= RECORDS PROVIDED =
== Segment start ==
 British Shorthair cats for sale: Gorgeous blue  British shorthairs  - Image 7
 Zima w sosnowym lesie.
== Segment end ==
== Segment start ==
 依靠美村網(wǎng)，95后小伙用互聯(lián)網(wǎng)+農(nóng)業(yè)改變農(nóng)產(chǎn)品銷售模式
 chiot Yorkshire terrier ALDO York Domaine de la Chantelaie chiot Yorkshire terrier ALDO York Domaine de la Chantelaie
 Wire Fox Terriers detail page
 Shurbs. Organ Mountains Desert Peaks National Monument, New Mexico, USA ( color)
== Segment end ==
== Segment start ==
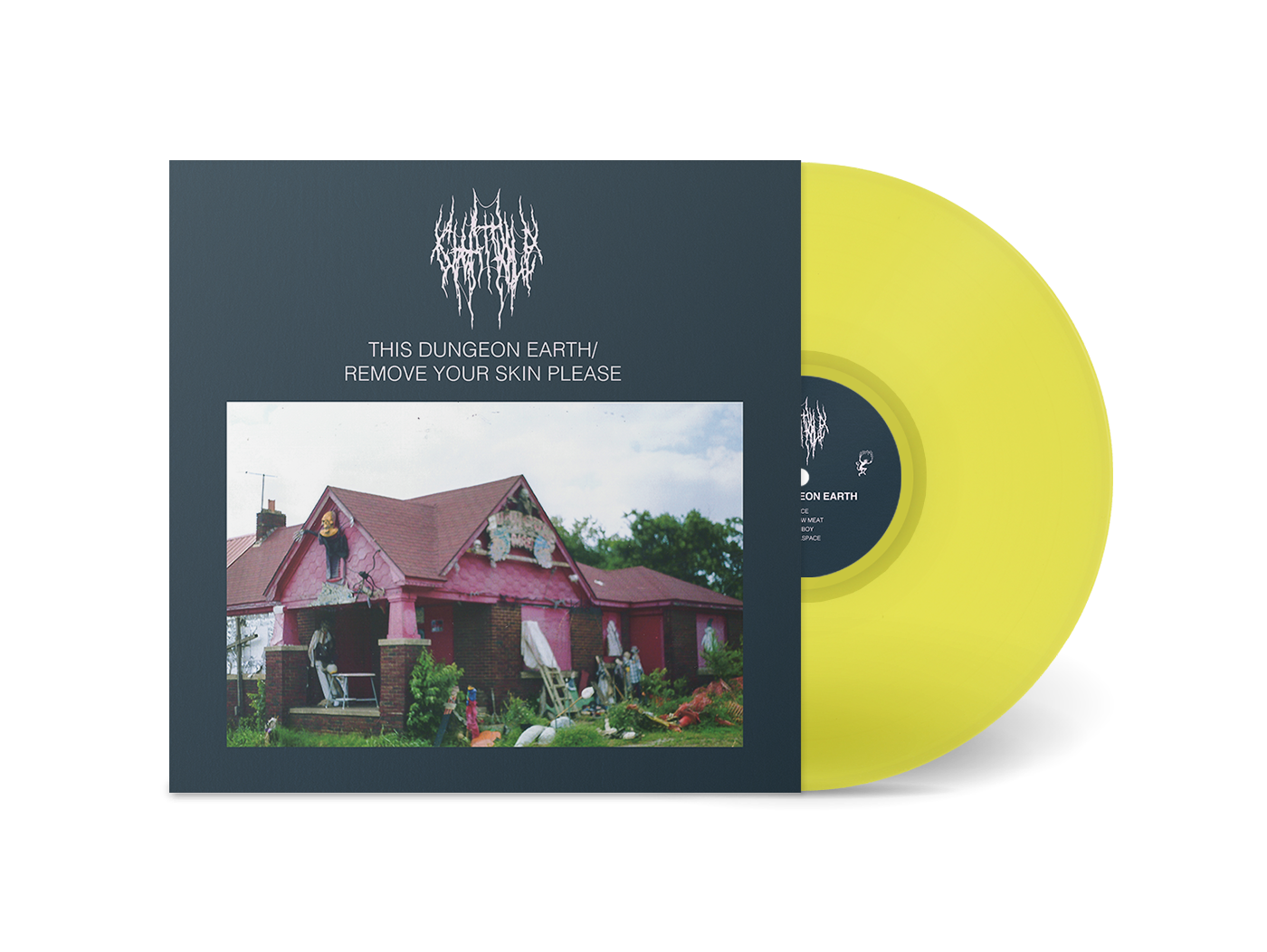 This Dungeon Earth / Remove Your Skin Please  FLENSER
== Segment end ==
= EXERCISE REQUIREMENTS =
Could you restate, word for word, the lines above from the one with "British Shorthair cats" to the one with "Zima w sosnowym lesie.", both included?

= RESULT FOR THIS EXERCISE =
 British Shorthair cats for sale: Gorgeous blue  British shorthairs  - Image 7
 Zima w sosnowym lesie.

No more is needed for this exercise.